How to complete this task:
Two lines in the data below mark the range: the one with "Global Walkabout Mapa" and the one with "Sexy Ivory Sheath". Return both, along with every line between them, exactly.

Dataset entries:

☆ ☆ ☆ ☆ ☆ ☆ ☆

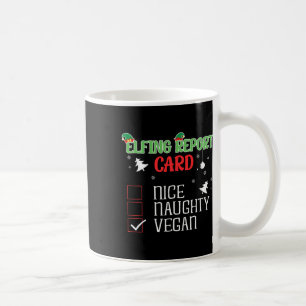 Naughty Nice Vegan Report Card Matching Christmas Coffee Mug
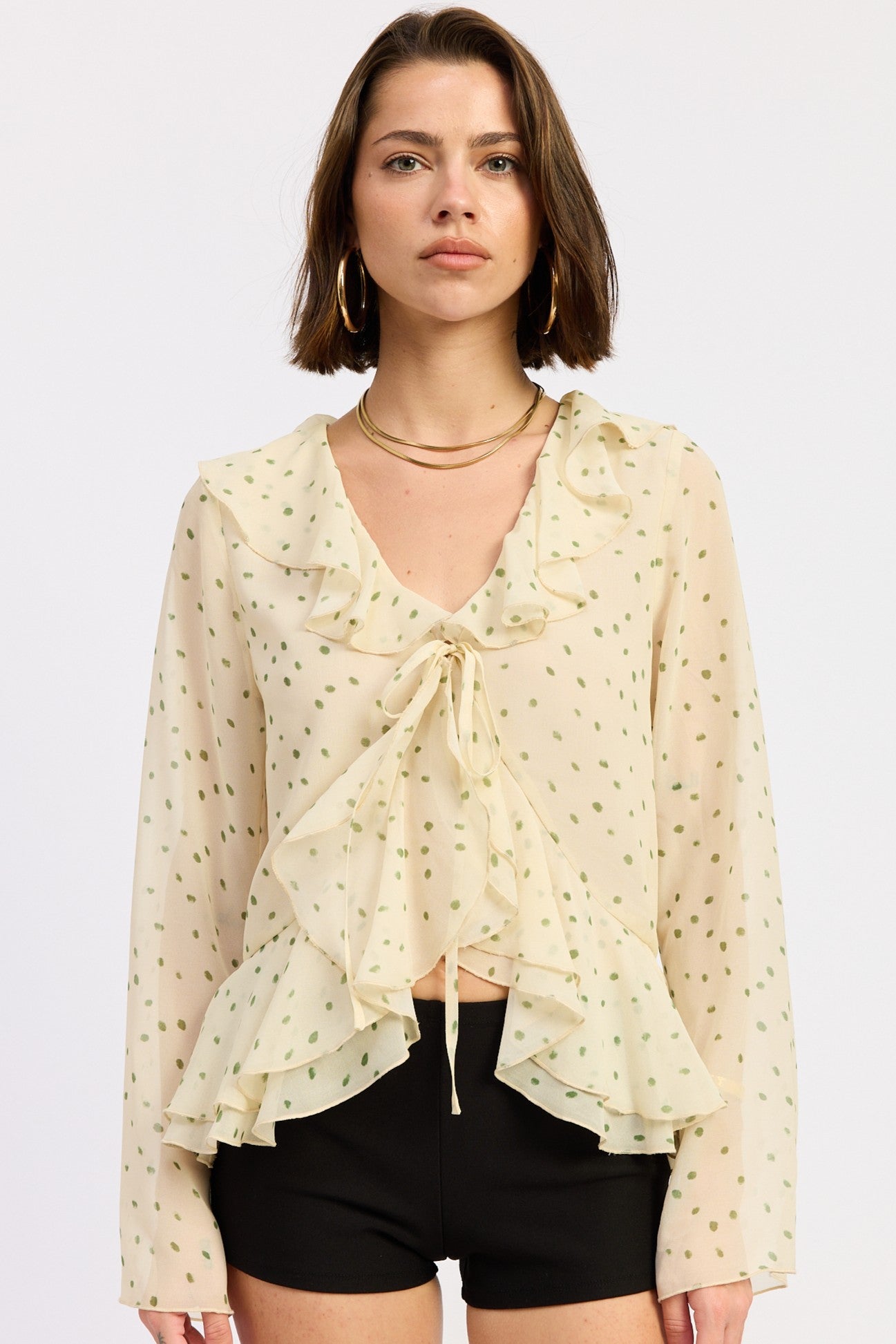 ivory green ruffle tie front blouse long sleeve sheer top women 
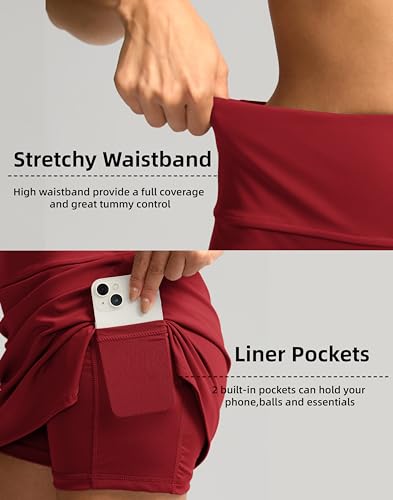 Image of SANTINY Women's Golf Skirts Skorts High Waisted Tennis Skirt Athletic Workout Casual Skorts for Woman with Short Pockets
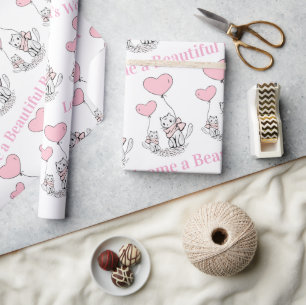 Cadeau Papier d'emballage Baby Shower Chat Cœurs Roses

☆ ☆ ☆ ☆ ☆ ☆ ☆

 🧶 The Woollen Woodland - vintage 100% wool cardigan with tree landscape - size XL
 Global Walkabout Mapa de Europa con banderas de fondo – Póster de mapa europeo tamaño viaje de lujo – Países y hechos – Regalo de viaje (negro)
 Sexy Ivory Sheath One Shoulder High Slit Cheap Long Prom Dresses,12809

☆ ☆ ☆ ☆ ☆ ☆ ☆

Solution:
 Global Walkabout Mapa de Europa con banderas de fondo – Póster de mapa europeo tamaño viaje de lujo – Países y hechos – Regalo de viaje (negro)
 Sexy Ivory Sheath One Shoulder High Slit Cheap Long Prom Dresses,12809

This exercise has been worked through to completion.